Temos um assento no grupo estadual que cuida da população LGBT+ no sentido de melhorar o acolhimento dessas pessoas, seja no recorte do nome social, no local de internação, entre outros desafios. E trazemos essas problemáticas para a equipe dos serviços também discutirem, pois às vezes não entendem direito porque a pessoa tem que ficar na enfermaria masculina ou feminina, mesmo isso sendo um direito, bem como serem chamadas pelo nome social. Temos o exemplo de um homem trans que não teve seu nome social respeitado e ainda ficou entre mulheres com um avental rosa enquanto aguardava um exame de ultrassom, constrangendo principalmente a ele, mas também às pessoas que estavam lá. Então, precisamos repensar esse processo: por que deixar todo mundo junto? Por que não pensar num processo que não desconsidere a singularidade de cada um? Inclusive, essa é  outra aposta da humanização: tratar a singularidade e as vulnerabilidades de cada pessoa, considerá-las no cuidado. Respeitar essa singularidade nos serviços é um desafio, fazer com que as equipes entendam a importância disso. Outra questão é a enfermaria. Muitas vezes mulheres trans são colocadas na enfermaria masculina. Não adianta respeitar o nome social se na hora de internar ela acaba ficando numa enfermaria com homens. E também não é aceitável colocá-la no isolamento. Como mudamos o procedimento? Aquela pessoa se identifica como mulher e ela vai ficar junto das mulheres. Aí aparece muito “ah, mas as pessoas vão achar estranho. Ah, mas vai ter idosos”. Uma assistente social de um serviço que eu acompanhava falou que uma mulher trans fez um vínculo muito forte e afetivo com uma idosa que também estava internada. E elas se cuidavam muito uma da outra.

Dizem que o idoso vai ter mais preconceito, mas não é sempre assim, temos que experimentar. Apostamos muito na questão da rede socioafetiva, de inclusão da família, da igreja, dos amigos, do paciente sempre estar junto de um acompanhante.

Quais são os maiores desafios na implementação dessa abordagem humana e integral da saúde?
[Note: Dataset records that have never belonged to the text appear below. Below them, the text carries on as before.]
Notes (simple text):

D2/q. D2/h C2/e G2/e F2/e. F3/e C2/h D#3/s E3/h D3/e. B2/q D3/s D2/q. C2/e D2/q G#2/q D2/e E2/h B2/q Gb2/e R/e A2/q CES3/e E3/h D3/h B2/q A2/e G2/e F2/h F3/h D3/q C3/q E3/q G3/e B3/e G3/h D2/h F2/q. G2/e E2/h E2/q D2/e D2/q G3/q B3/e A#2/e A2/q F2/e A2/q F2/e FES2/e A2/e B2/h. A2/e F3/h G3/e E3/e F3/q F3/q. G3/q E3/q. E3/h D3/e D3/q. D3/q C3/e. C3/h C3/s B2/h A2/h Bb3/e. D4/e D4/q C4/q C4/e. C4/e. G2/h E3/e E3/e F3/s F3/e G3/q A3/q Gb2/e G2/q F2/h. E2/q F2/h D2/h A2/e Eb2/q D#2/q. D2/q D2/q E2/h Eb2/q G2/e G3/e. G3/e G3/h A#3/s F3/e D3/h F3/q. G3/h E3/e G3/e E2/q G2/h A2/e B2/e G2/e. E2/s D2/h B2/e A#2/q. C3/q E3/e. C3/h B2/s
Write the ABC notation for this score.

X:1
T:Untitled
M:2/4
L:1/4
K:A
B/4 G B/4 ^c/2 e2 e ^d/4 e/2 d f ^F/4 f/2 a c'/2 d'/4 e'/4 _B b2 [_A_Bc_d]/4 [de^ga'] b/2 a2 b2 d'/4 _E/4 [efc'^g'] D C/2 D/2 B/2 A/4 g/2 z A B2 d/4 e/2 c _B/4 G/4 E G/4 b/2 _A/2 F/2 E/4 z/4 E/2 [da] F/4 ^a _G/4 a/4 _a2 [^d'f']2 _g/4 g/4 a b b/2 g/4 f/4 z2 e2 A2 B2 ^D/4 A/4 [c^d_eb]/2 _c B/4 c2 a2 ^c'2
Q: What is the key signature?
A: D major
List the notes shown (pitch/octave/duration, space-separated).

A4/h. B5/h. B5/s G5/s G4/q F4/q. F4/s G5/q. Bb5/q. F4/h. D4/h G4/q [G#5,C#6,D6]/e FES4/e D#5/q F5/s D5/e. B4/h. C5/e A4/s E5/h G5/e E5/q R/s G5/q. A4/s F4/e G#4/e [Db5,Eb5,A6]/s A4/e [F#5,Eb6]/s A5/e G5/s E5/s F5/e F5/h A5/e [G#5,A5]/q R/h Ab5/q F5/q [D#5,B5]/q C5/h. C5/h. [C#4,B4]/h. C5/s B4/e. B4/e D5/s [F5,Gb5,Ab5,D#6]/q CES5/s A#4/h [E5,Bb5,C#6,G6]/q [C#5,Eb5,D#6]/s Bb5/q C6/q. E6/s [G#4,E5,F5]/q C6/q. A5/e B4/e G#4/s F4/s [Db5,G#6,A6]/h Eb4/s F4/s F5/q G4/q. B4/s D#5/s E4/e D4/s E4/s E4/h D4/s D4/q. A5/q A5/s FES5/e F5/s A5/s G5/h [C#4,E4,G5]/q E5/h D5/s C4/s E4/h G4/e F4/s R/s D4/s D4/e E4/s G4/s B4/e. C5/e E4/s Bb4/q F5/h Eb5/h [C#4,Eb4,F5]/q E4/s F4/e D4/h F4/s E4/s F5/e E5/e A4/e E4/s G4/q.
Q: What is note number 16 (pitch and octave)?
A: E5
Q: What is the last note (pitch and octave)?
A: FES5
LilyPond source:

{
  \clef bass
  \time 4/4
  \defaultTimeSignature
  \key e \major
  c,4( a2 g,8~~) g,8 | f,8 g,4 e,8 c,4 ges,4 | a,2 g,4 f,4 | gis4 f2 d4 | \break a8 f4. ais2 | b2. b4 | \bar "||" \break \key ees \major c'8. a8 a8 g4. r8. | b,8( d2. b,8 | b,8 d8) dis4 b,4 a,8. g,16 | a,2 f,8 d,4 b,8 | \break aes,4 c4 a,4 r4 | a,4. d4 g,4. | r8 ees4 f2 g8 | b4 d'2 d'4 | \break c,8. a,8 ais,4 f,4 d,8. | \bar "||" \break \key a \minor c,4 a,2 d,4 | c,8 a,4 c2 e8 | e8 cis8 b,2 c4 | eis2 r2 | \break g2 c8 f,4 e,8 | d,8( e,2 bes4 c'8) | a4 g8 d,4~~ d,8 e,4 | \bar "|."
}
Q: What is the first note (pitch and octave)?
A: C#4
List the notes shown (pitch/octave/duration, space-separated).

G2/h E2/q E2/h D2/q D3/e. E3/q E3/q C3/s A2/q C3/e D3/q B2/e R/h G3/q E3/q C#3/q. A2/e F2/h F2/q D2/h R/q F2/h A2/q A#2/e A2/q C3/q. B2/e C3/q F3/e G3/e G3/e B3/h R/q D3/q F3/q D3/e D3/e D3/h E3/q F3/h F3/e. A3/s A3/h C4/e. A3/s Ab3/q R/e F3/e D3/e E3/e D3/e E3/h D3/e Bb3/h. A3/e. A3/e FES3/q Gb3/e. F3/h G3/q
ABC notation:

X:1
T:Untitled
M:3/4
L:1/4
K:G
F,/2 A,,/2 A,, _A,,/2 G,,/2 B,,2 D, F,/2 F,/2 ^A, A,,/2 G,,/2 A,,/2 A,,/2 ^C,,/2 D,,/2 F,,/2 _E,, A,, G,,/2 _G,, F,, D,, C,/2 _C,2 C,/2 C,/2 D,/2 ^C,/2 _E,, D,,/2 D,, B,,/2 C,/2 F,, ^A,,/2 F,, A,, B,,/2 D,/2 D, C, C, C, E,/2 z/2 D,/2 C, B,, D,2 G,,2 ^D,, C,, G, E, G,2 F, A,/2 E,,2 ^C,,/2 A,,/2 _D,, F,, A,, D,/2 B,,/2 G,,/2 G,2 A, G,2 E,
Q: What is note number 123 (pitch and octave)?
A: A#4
Eu acho que uma das questões primordiais é fazer com que o profissional esteja mais aberto a essa relação, a esse encontro do que é diferente dele. Vemos muitos estigmas e preconceitos. Então, quem está ali atendendo na porta tem que se permitir conectar com a vida daquela pessoa solicitando o serviço, que muitas vezes é muito diferente da dele. Outro desafio é a lógica de número, de atendimentos muito rápidos e do tempo de atendimento. É preencher prontuário, atender, fazer exame. Então, assim, são muitas coisas para um tempo restrito. Então, a gente vê muito o modelo de gestão em que a produtividade acaba se sobrepondo ao cuidado e isso é uma lógica muito difícil de ultrapassar. Existe também a questão da fragmentação do cuidado: temos muita dificuldade na comunicação interna e externa dos serviços.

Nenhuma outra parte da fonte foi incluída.